BigQuery Streaming Insertion takes time in minutes for write-heavy application

1.3k Views Asked by At

I have an write-heavy Springboot application integrating with Bigquery for heavy load , facing 10 minutes to insert some of the entries.Here are my configurations

Number of Entries Stored: 1 Million/min
Number of pods : 100
Insertion Type : Streaming Data(Using JsonStreamWrite)
Deployed Cloud : Azure
Average time taken for insertion : 650 ms
Max time taken : 22 mins (for a single insert)
Number of Threads Per Pod : 15 threads

Each pod has a BigQuery Connection and tries to insert in BigQuery. Now as 10% of the inserts are taking time in minutes , we are facing a lot of timeout and performance issues. Is there an efficient way to write data in BigQuery with such large loads.
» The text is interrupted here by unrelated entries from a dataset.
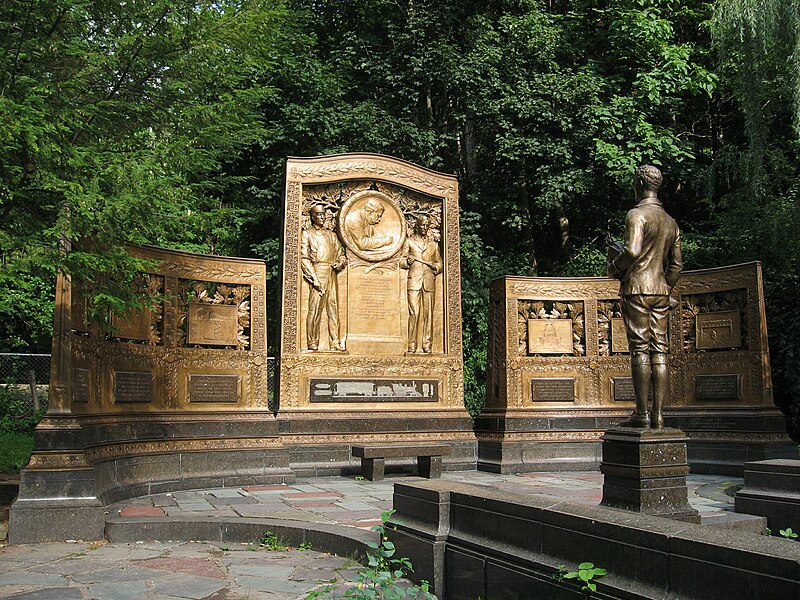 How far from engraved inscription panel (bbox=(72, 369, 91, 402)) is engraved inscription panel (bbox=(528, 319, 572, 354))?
7724 millimetres

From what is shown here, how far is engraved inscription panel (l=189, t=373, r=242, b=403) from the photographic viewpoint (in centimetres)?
1202

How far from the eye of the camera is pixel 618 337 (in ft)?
48.4

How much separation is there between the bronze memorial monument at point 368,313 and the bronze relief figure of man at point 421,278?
0.02m

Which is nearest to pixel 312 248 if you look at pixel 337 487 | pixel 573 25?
pixel 337 487

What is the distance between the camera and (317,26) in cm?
2408

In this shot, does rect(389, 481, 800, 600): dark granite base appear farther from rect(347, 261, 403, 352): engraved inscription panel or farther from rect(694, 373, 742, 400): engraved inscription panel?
rect(694, 373, 742, 400): engraved inscription panel

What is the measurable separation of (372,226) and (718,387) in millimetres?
6446

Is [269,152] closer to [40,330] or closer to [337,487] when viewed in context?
[40,330]

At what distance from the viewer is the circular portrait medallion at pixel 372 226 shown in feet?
46.1

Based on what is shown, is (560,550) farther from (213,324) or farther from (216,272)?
(216,272)

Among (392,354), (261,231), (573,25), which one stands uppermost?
(573,25)

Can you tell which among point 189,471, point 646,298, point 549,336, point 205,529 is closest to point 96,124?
point 205,529

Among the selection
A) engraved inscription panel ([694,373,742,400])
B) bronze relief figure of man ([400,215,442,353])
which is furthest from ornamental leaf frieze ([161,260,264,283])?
engraved inscription panel ([694,373,742,400])

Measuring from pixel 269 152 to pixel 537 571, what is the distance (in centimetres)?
1813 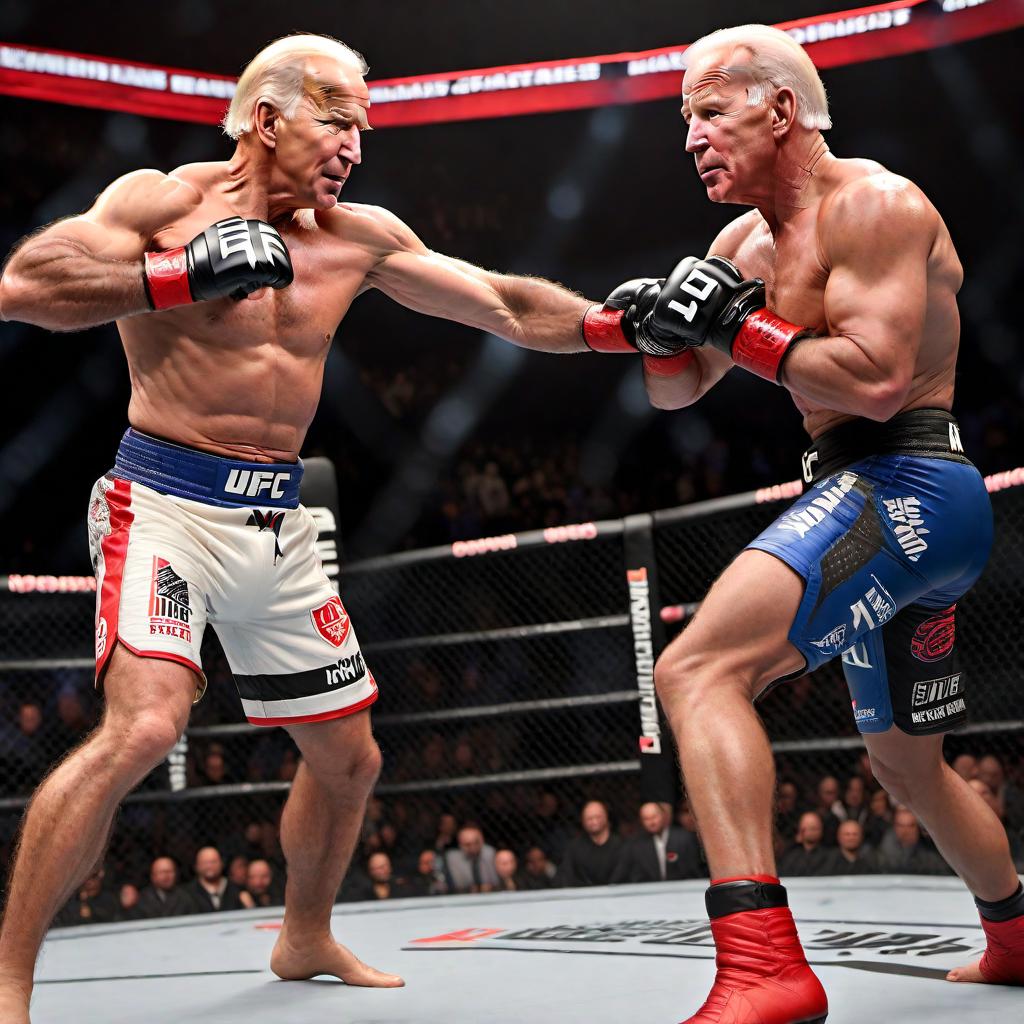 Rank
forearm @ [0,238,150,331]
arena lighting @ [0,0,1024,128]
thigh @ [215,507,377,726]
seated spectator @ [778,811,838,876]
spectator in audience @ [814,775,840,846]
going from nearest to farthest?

We use the following Google client libraries

    <dependency>
        <groupId>com.google.cloud</groupId>
        <artifactId>google-cloud-storage</artifactId>
    </dependency>
    <dependency>
        <groupId>com.google.cloud</groupId>
        <artifactId>google-cloud-bigquerystorage</artifactId>
    </dependency>
    <dependency>
        <groupId>com.google.cloud</groupId>
        <artifactId>google-cloud-bigquery</artifactId>
        <exclusions>
            <exclusion>
                <groupId>org.slf4j</groupId>
                <artifactId>slf4j-api</artifactId>
            </exclusion>
        </exclusions>
    </dependency>
    <dependencies>
        <dependency>
            <groupId>com.google.cloud</groupId>
            <artifactId>libraries-bom</artifactId>
            <version>25.4.0</version>
            <type>pom</type>
            <scope>import</scope>
        </dependency>
    </dependencies>



private void updateRequestMetadataOperations(JSONArray requestMetaDataArr){

    JSONArray firstObjArr = new JSONArray();

        JSONObject firstTableJsonObj = new JSONObject();
        firstTableJsonObj.put("firstColumn",firstColumnVal);
        firstTableJsonObj.put("secondColumn",secondColumnVal);
        firstTableJsonObj.put("thirdColumn",thirdColumnVal);
        firstTableJsonObj.put("fourthColumn",fourthColumnVal);
        firstTableJsonObj.put("fifthColumn",fifthColumnVal);
        firstTableJsonObj.put("sixthColumn",sixthColumnVal);
        .
        .
        .
        firstTableJsonObj.put("twentyColumn",twentyColumnVal);

        
        firstObjArr.put(firstTableJsonObj);
    }

 public void insertIntoBigQuery(String tableName, JSONArray jsonArr) throws Exception{
    if(jsonArr.length()==0){
           return;
       }
       JsonStreamWriter jsonStreamWriter = JsonStreamWriterUtil.getWriteStreamMap(tableName);
       if(jsonStreamWriter!=null) {
           jsonStreamWriter.append(jsonArr);
       }
   }



public JsonStreamWriter createWriteStream(String table) throws IOException, Descriptors.DescriptorValidationException, InterruptedException {
      BigQueryWriteClient bqClient = BigQueryWriteClient.create();
      WriteStream stream = WriteStream.newBuilder().setType(WriteStream.Type.COMMITTED).build();
      TableName tableName = TableName.of("ProjectId", "DataSet", table);
      CreateWriteStreamRequest createWriteStreamRequest =
              CreateWriteStreamRequest.newBuilder()
                      .setParent(tableName.toString())
                      .setWriteStream(stream)
                      .build();
      WriteStream writeStream = bqClient.createWriteStream(createWriteStreamRequest);

      JsonStreamWriter jsonStreamWriter = JsonStreamWriter
              .newBuilder(writeStream.getName(), writeStream.getTableSchema())
              .build();
      return jsonStreamWriter;
  }
1

There are 1 best solutions below

0
On

In general, BigQuery streaming insert is meant for small real-time data update and it is light and fast.Batch or load, on the other hand, accepts file uploads and it is meant for larger and heavier updates. The BigQuery Storage Write API is a unified data-ingestion API for BigQuery. It combines streaming ingestion and batch loading into a single high-performance API.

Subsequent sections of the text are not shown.